Resume from crashed head job caused process and its downstream dependency to run at the same time #5595

oalmelid-gel · 2024-12-10T15:25:28Z

Bug report

Due to an LSF compute cluster outage, two of our pipelines ended up in a state where the nextflow process was unable to submit jobs to the cluster and crashed. However, the running processes completed successfully.

When we resumed the pipeline after the cluster had recovered from the crash, we saw nextflow

launch the processes that had completed successfully
immediately conclude the process had completed and launch a process that depended on its output

The first launched process remained running for another ten minutes and wrote output files while its dependent process ran, leading to truncated output and a false negative result.
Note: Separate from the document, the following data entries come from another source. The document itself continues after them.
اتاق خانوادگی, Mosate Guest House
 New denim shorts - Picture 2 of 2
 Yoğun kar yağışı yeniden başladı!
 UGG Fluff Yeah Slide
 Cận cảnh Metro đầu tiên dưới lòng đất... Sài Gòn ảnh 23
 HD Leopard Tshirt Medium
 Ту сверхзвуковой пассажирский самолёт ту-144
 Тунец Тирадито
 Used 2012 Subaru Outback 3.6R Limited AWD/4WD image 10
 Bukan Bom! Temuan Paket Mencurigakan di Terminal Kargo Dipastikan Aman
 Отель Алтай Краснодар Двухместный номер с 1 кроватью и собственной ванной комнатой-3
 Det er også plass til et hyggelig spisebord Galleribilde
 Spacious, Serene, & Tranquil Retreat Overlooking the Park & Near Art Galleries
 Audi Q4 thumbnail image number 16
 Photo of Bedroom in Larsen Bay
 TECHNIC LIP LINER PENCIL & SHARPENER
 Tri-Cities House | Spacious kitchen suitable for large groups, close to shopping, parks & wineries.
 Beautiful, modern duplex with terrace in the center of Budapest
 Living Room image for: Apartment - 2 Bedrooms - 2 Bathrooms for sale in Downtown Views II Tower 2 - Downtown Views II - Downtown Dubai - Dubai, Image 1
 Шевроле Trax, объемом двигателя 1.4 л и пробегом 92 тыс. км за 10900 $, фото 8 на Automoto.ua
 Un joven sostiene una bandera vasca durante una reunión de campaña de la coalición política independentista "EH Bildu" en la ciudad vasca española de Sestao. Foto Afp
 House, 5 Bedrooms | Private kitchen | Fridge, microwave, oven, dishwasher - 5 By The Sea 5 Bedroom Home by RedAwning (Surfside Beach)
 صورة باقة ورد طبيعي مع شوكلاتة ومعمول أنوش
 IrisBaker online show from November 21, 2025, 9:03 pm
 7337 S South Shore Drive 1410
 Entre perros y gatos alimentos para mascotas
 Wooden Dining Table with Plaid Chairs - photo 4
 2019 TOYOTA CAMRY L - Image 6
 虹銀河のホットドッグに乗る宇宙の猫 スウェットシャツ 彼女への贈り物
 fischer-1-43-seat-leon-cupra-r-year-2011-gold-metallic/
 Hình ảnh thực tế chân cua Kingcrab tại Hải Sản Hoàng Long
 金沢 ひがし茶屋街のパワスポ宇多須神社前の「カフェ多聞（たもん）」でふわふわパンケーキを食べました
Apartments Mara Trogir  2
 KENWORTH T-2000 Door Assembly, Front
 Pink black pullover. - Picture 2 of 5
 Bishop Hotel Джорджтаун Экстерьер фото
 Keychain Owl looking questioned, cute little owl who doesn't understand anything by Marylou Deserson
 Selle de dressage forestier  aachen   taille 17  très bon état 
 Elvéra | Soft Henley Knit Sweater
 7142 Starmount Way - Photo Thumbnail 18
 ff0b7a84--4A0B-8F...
After some digging, I believe that what happened is related to the behaviour of the GridTaskHandler, specifically this line:

https://github.com/nextflow-io/nextflow/blob/18f7de132c0342102f7160ce97b2e68dc6b67[…]xtflow/src/main/groovy/nextflow/executor/GridTaskHandler.groovy

The function readExitStatus() looks for a file called .exitfile and reads the exit code of the completed process from there. Since nextflow resumed a process that had successfully completed after the head job crashed, that file was already present in the work directory when the pipeline resumed and this caused a premature launch of the downstream process.

I think an easy fix would be to make sure the .exitfile is deleted before submitting a process, possibly just with an rm -f .exitfile

Expected behavior and actual behavior

Expected behaviour: when resuming a pipeline, nextflow should wait for the resumed process to complete executing on the cluster.
Actual behaviour: nextflow immedately launches a downstream process while still running.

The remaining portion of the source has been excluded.